Mohamed Badine El Yattioui, docteur en Science Politique de l’université de Lyon (France). Spécialiste des questions de sécurité globale et de gouvernance globale, il enseigne à la UDLAP (Universidad De Las Américas Puebla) au Mexique et à l’Université Jean Moulin Lyon III. Il préside le think-tank NejMaroc, Centre Marocain de Recherche sur la Globalisation qui publie une revue semestrielle et qui organise des événements dans différents pays et dirige le Séminaire Permanent sur le monde musulman (Observatorio sobre el mundo musulman) ILM.
Depuis 2011, la situation au Sahel s’est aggravée et l’insécurité s’est étendue à la Libye. En réalité, depuis le début des années 2000 les forces de sécurité algériennes ont intensifié leur pression sur le GSPC et AQMI ce qui a poussé vers le sud, ces groupes armés qui ont commencé à déstabiliser le Sahel, profitant de la faiblesse des autorités locales.
Aujourd’hui, trois « zones » terroristes s’ouvrent, Une au nord de la Libye, où ISIS opère, une autre au sud dans le bassin du lac Tchad, où Boko Haram est basé, et une troisième au Mali, où il existe diverses organisations sous l’égide d’Al -Qaïda au Maghreb islamique. En raison du problème de sécurité régionale et de la faiblesse des acteurs locaux, l’Europe décide d’intervenir, avec les opérations Serval et Barkhane, coordonnées par la France. Malgré tout, les États du G5 Sahel (Mauritanie, Mali, Burkina Faso, Niger et Tchad) font face à des faiblesses structurelles telles que la sécurité, la gouvernance institutionnelle et la politique économique.
Pour le Maroc, cela est inquiétant car ces groupes ignorent les frontières et déstabilisent toute la région sahélienne, et se rapprochent. Le Royaume utilise notamment l´arme de la diplomatie religieuse comme un instrument de son “soft power”. Les imams de ces pays sont formés, en grande partie, au Maroc. L’étude des questions de sécurité et de l’Etat de droit au Sahel nous fait remettre en cause plusieurs éléments importants. Surtout, la mise en œuvre régionale de tout type de politique n’est pas réalisable sans d’abord comprendre le contexte colonial et postcolonial de chaque entité qui compose le G5.

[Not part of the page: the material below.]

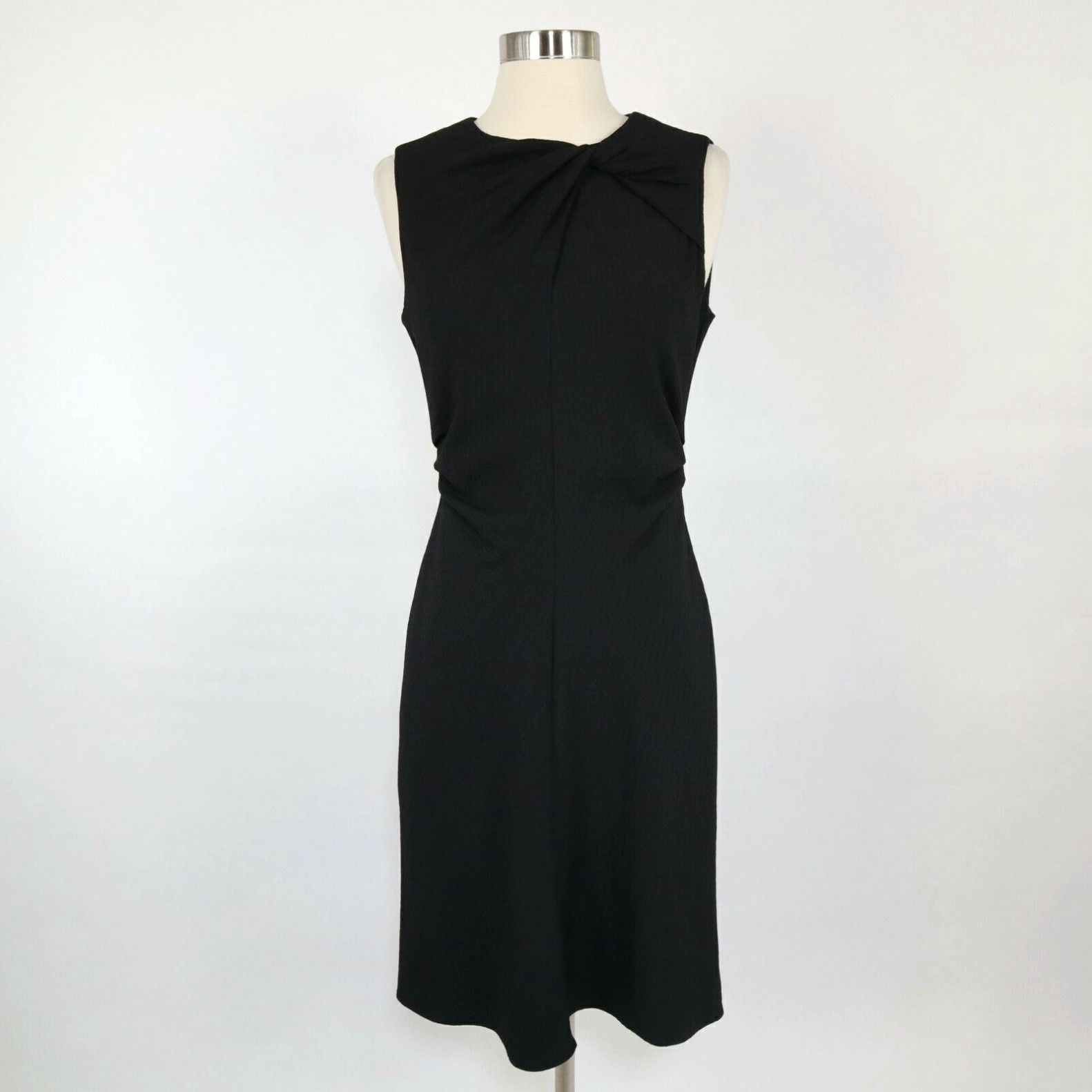 image of Vintage M.m.lafleur The Eleanor Dress A-Line 4 Sleeveless Black Fit Flare Ruched Crew in White, Wom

Il est clair que les défis actuels qui ont provoqué l’instabilité de la région ne peuvent pas être relevés de manière unidimensionnelle, ceci en raison de la faiblesse même des États. Des situations qui menacent l’Etat de droit telles que les frontières poreuses, l’évolution des groupes hybrides et des crises économiques et sociales.